══ Study material ══
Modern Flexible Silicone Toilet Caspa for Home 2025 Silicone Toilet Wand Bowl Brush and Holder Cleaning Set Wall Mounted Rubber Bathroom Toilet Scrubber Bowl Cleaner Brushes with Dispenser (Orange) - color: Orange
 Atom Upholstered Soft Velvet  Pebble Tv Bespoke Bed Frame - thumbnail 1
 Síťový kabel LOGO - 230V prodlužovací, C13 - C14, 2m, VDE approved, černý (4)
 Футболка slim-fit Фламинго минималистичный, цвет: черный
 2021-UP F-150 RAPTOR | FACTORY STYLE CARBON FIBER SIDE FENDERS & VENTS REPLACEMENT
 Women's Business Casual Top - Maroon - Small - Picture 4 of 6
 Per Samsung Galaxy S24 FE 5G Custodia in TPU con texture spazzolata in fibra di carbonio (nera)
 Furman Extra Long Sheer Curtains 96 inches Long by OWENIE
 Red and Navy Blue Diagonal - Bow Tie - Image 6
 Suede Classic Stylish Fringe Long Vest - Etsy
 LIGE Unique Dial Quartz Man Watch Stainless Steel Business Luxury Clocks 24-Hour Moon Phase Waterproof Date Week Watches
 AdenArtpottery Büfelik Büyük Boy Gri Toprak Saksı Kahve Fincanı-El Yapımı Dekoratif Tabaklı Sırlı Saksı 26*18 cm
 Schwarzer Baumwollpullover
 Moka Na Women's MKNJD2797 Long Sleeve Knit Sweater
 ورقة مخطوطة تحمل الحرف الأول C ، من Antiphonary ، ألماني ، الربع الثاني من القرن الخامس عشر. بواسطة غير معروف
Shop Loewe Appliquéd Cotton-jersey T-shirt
═══
#### Try it
The answer must reproduce every record exactly.

#### Written reply
Modern Flexible Silicone Toilet Caspa for Home 2025 Silicone Toilet Wand Bowl Brush and Holder Cleaning Set Wall Mounted Rubber Bathroom Toilet Scrubber Bowl Cleaner Brushes with Dispenser (Orange) - color: Orange
 Atom Upholstered Soft Velvet  Pebble Tv Bespoke Bed Frame - thumbnail 1
 Síťový kabel LOGO - 230V prodlužovací, C13 - C14, 2m, VDE approved, černý (4)
 Футболка slim-fit Фламинго минималистичный, цвет: черный
 2021-UP F-150 RAPTOR | FACTORY STYLE CARBON FIBER SIDE FENDERS & VENTS REPLACEMENT
 Women's Business Casual Top - Maroon - Small - Picture 4 of 6
 Per Samsung Galaxy S24 FE 5G Custodia in TPU con texture spazzolata in fibra di carbonio (nera)
 Furman Extra Long Sheer Curtains 96 inches Long by OWENIE
 Red and Navy Blue Diagonal - Bow Tie - Image 6
 Suede Classic Stylish Fringe Long Vest - Etsy
 LIGE Unique Dial Quartz Man Watch Stainless Steel Business Luxury Clocks 24-Hour Moon Phase Waterproof Date Week Watches
 AdenArtpottery Büfelik Büyük Boy Gri Toprak Saksı Kahve Fincanı-El Yapımı Dekoratif Tabaklı Sırlı Saksı 26*18 cm
 Schwarzer Baumwollpullover
 Moka Na Women's MKNJD2797 Long Sleeve Knit Sweater
 ورقة مخطوطة تحمل الحرف الأول C ، من Antiphonary ، ألماني ، الربع الثاني من القرن الخامس عشر. بواسطة غير معروف
Shop Loewe Appliquéd Cotton-jersey T-shirt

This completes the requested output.